Because of the latest easing of the corona regulations, it is once again possible to have exams on campus. It appears that most faculties choose this option. Among students there are both supporters and opponents of in-person exams. ‘I didn’t have to study as hard for online exams.’
The long rows of tables and seats, placed down to the centimetre, the exact distance needed to prevent you from cheating off your neighbours’ work; the room temperature that’s just low enough to make you want to keep your coat on; and the groups of students going through all the exam material one last time.
Students have had to miss all this for a long time. But now that the corona regulations have been relaxed, exams can take place on campus again. The first exam period of the academic year has arrived, and the stress on campus is palpable.
Nienke Wikkering (24), a student of pedagogical sciences and STIP employee of the Faculty of Social Sciences, indicates that all exams of her faculty will be taking place on campus again. ‘Fortunately, it’s now possible because of the recent easing of the corona regulations. The new exam hall on Comeniuslaan 6 offers the option of online exams on site.’ The former administrative building has been converted into a digital testing Valhalla.
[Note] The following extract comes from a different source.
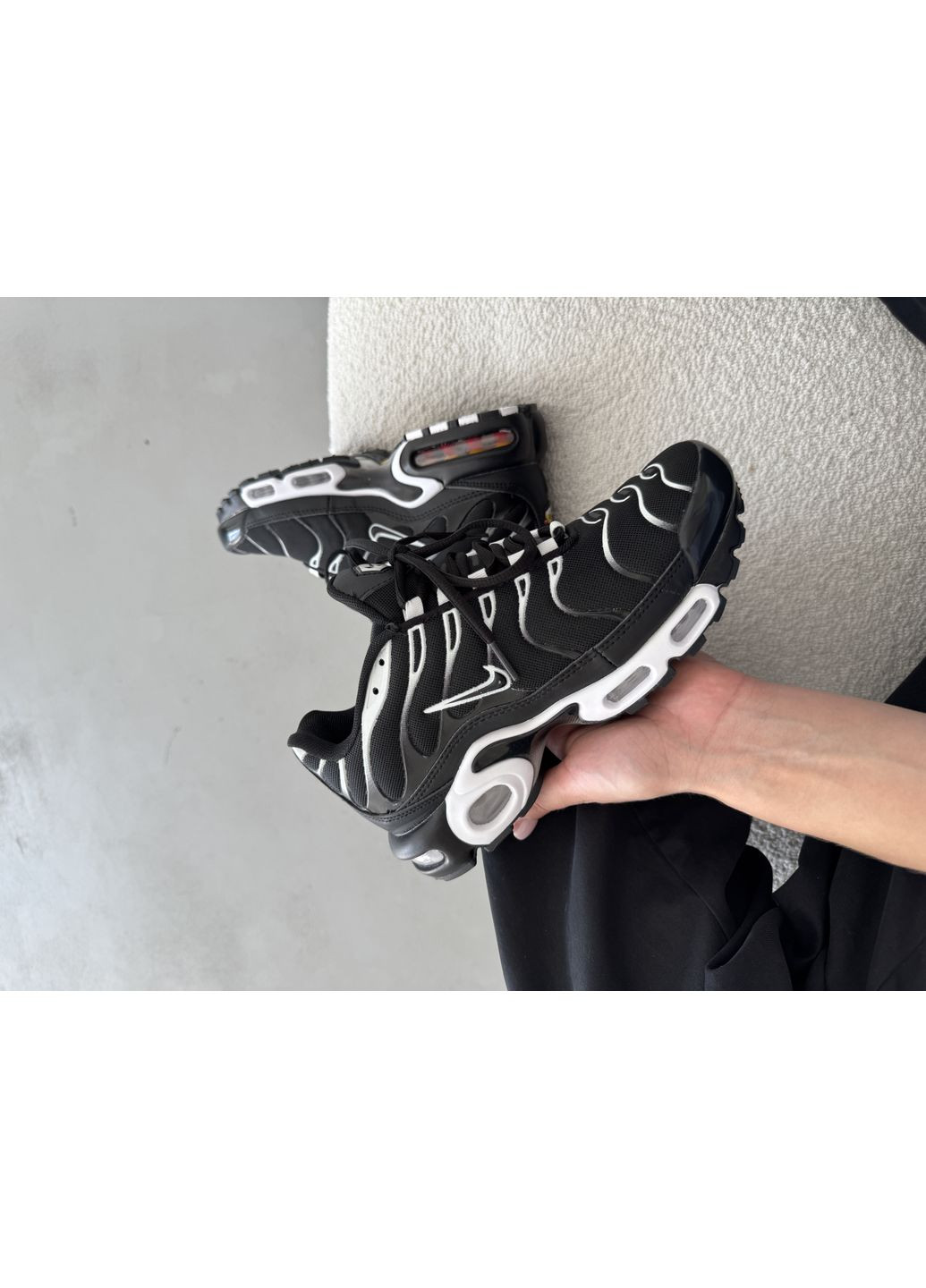 Черные демисезонные кроссовки мужские nike air max tn black / white nik-0497 найк аир макс тн плюс No Brand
It’s not just the Faculty of Social Sciences that has in-person exams; other faculties are also choosing the on-campus option. The same is true for the Faculty of Arts. ‘This was a conscious decision. Both students and teachers have indicated that they prefer in-person exams’, according to the faculty’s exam organisation. There are several exceptions, however: the so-called take-home exams. These give students several days to make the exams, without surveillance and in a place of their choosing.
Getting up later
The Nijmegen School of Management has also chosen to have all exams on site. An important motivator for this is that it takes a lot more work to allow students to make exams at home, ‘because grading online exams takes more time’, according to the Student Information Point in question.
Students are divided over having to come to campus for the exam period. Maurits Bosgoed (18), student of International Business Communication, prefers to make his exams online. ‘For online exams I could get out of bed later, I didn’t have to deal with train failures, and I didn’t have to study as hard.’
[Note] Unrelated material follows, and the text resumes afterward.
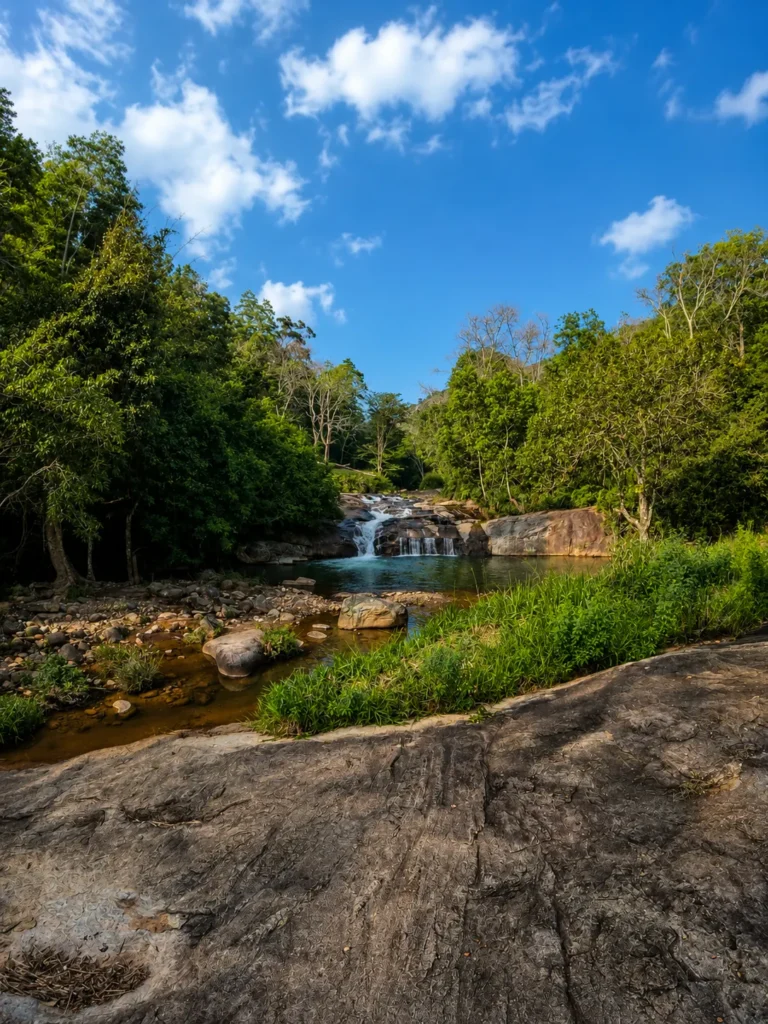 upper diyaluma falls pools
‘For online exams I didn’t have to study as hard.’
Bosgoed says that he has had to prepare much better for his exam this week than the online exams last year. ‘I could keep my notes handy and quickly go through the material. Now I have to study everything carefully, or I won’t get a passing grade.’
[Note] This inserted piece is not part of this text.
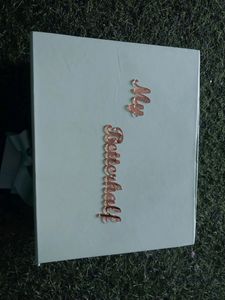 Gift Box For AQSA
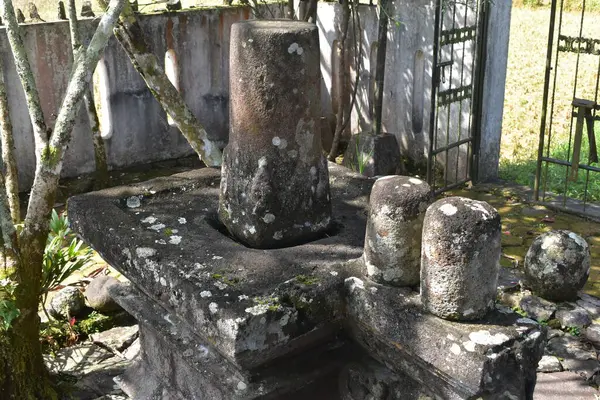 Petungkriyono, Pekalongan Regency, Central Java, Endonezya 'daki antik tarihi lingga yoni Naga Pertala bölgesi. İlginç bir geçmiş..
But he does understand why the exams will be held on campus again: ‘It means I can recall the material much better. That’s good for the rest of my study and beneficial to my own development.’
However, student Fleur Schotman (19) is glad that she can take her exams on campus again. ‘I didn’t like having to make exams at home. I was easily distracted by ambient sounds: a barking dog or a passing car were never this annoying before. Exams at the university are a breath of fresh air for me.’
‘Exams at the university are a breath of fresh air for me.’
The history student was dissatisfied with the digital exam monitoring system Cirrus, which her study programme employed. ‘I couldn’t go back to a previous question, and if I experienced technical difficulties it took fifteen minutes for someone to help me. I was already stressed because of my exams, and those problems just made it worse.’
But Schotman will still have to make an exam using Cirrus this week. ‘I understand that it is easier for the teachers to examine things this way, but I prefer to make my exams on paper.’